'Revenue slump continues' for Aberdeen hotels
Room revenues have continued to plummet for Aberdeen hotels as weak oil prices batter the north east's economy, according to accountants BDO.
A survey found rooms yield in the Granite City last November fell year-on-year by 42.3% to £46.63 on average, while occupancy was down 11.9%.
It was the second successive monthly drop of more than 40% in revenue.
BDO said there was little sign of improvement on the horizon for Aberdeen hoteliers.
Across Scotland as a whole, hotel revenue fell by 9.5% and occupancy was down.
Inverness saw rooms yield rise by 5.1% while occupancy fell 1.6%. Edinburgh's revenue was up 0.1% but occupancy was down 1.4%.
Glasgow saw slight falls in both revenue and occupancy.
'Strain to continue'
Alastair Rae, from BDO, said: "It is clear that Aberdeen hoteliers continue to be battered by the weak oil price and the consequent difficulties this is producing in the wider north east economy.

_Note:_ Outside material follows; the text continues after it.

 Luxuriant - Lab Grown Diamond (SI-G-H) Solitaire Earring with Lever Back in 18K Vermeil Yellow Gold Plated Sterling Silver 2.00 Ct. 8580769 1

"Unfortunately there is little sign that will abate and the strain which the hospitality sector is currently experiencing is going to continue until something positive occurs in the oil and gas sector which appears unlikely in the coming months.
"The large falls in both revenue and occupancy in Aberdeen are also reducing the Scotland-wide figures for both as the other cities had a more positive month."
He added: "There are signs that the hotel sector is experiencing a stable, if unexceptional, year. Occupancy is relatively fixed and revenues are fluctuating slightly but not in a remarkable way.
"I believe that there will be more of the 'steady as she goes' outlook in the hotel market with the obvious exception being Aberdeen."